*Work item:*
Transcribe every entry word for word, but drop the pictures.

(Material for this task begins)

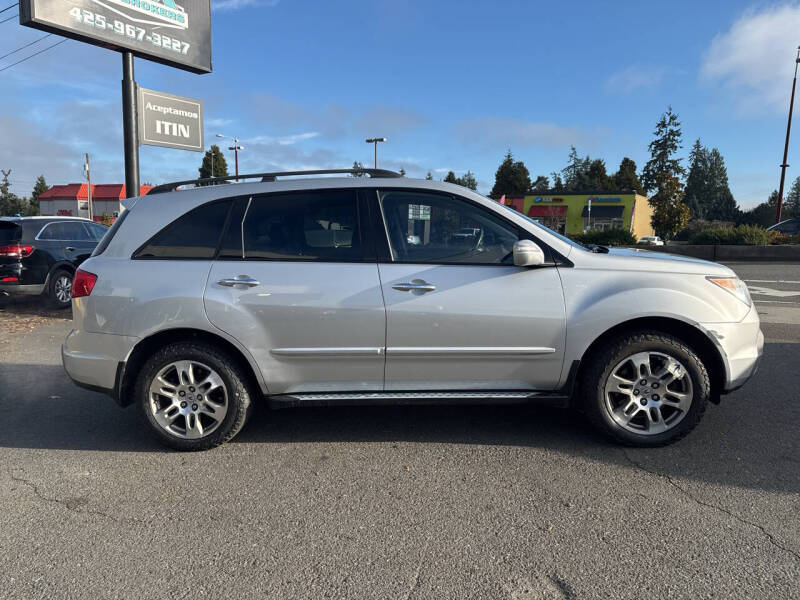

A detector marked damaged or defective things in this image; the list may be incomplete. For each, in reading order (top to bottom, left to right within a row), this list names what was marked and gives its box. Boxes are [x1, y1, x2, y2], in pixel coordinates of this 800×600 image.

pavement crack [7, 466, 122, 524]
pavement crack [620, 450, 800, 564]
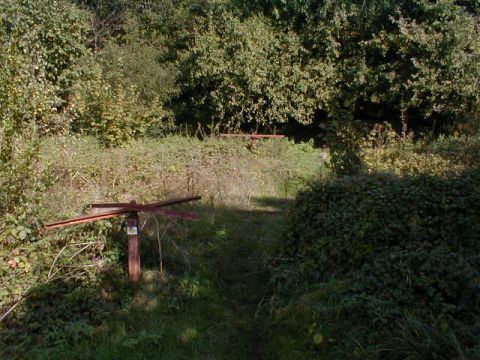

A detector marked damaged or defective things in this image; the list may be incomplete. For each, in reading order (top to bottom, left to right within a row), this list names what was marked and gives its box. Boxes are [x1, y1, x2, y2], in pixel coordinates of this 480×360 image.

rusty upright post [125, 210, 141, 282]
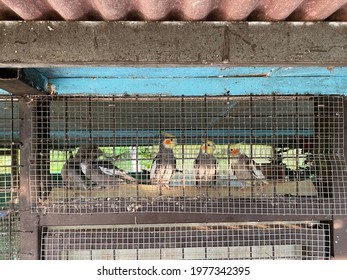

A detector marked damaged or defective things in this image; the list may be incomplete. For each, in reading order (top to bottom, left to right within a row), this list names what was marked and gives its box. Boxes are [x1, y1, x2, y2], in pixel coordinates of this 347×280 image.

rusty roof sheet [0, 0, 346, 21]
rusted metal frame [19, 97, 40, 260]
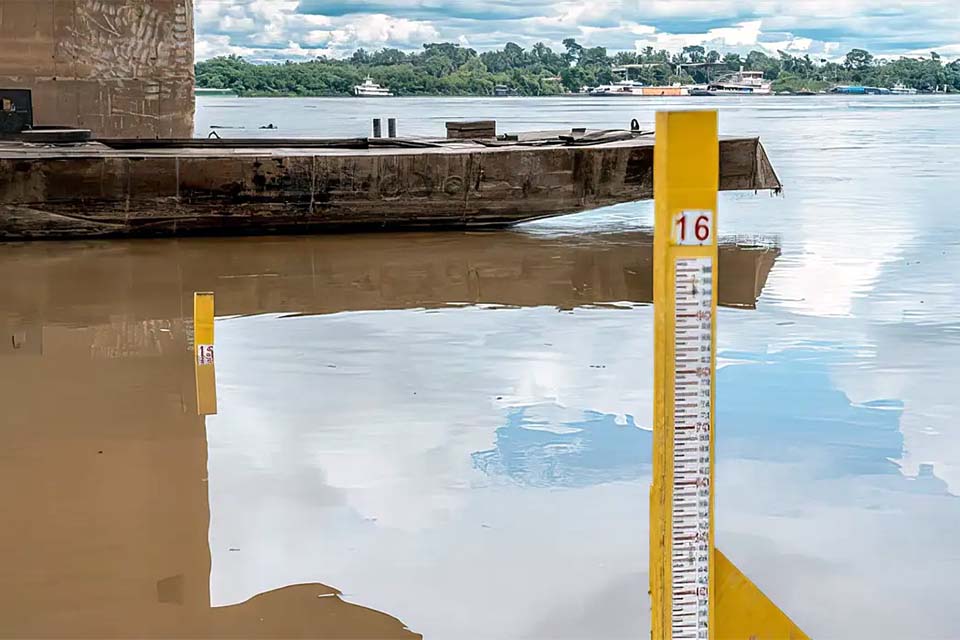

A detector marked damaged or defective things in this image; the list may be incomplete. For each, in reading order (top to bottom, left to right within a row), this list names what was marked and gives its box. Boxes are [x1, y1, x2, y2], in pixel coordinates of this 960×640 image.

rusty barge [0, 130, 780, 240]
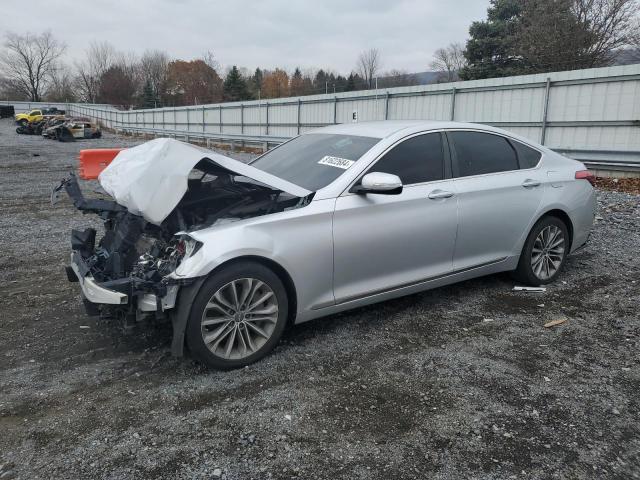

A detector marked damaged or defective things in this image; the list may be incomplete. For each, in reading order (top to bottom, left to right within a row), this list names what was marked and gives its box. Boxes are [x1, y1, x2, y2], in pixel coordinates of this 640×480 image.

wrecked vehicle [52, 121, 101, 142]
crashed front end [56, 137, 312, 328]
crumpled hood [97, 136, 312, 224]
wrecked vehicle [57, 122, 596, 370]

(Material for this task ends)

*Worked solution:*
A detector marked damaged or defective things in this image; the list may be incomplete. For each, in reading order (top to bottom, left to right within a row), this list names what was marked and gives its box. Boxes are [x1, y1, x2, y2], in pixel coordinates of this 800×600 image.

pavement crack [7, 466, 122, 524]
pavement crack [620, 450, 800, 564]

A detector marked damaged or defective things in this image; the list may be incomplete. For each, in reading order (top to bottom, left to right within a row), this list names what was marked and gives its box. Boxes are [x1, y1, x2, y2], in pixel coordinates of this 480×360 image.

rusty upright post [125, 210, 141, 282]

A detector marked damaged or defective things in this image; the list may be incomplete. For each, in reading order (top to bottom, left to right within a row), this list names what was marked and gives its box. Boxes are [x1, y1, x2, y2], in pixel coordinates of this 347×280 image.

rusty roof sheet [0, 0, 346, 21]
rusted metal frame [19, 97, 40, 260]

A detector marked damaged or defective things in this image; the list may be incomplete. For each, in reading order (top to bottom, left to right within a row), this list names what was marked and gives its box. Boxes are [x1, y1, x2, y2], in pixel coordinates of this 960×640 image.

rusty barge [0, 130, 780, 240]

A detector marked damaged or defective things in this image; the list may be incomplete. For each, in reading order (top to bottom, left to right within a row), this list names what was marked and gives its box. Boxes are [x1, y1, x2, y2], in pixel coordinates of this 640×480 image.

wrecked vehicle [52, 121, 101, 142]
crashed front end [56, 137, 312, 328]
crumpled hood [97, 136, 312, 224]
wrecked vehicle [57, 122, 596, 370]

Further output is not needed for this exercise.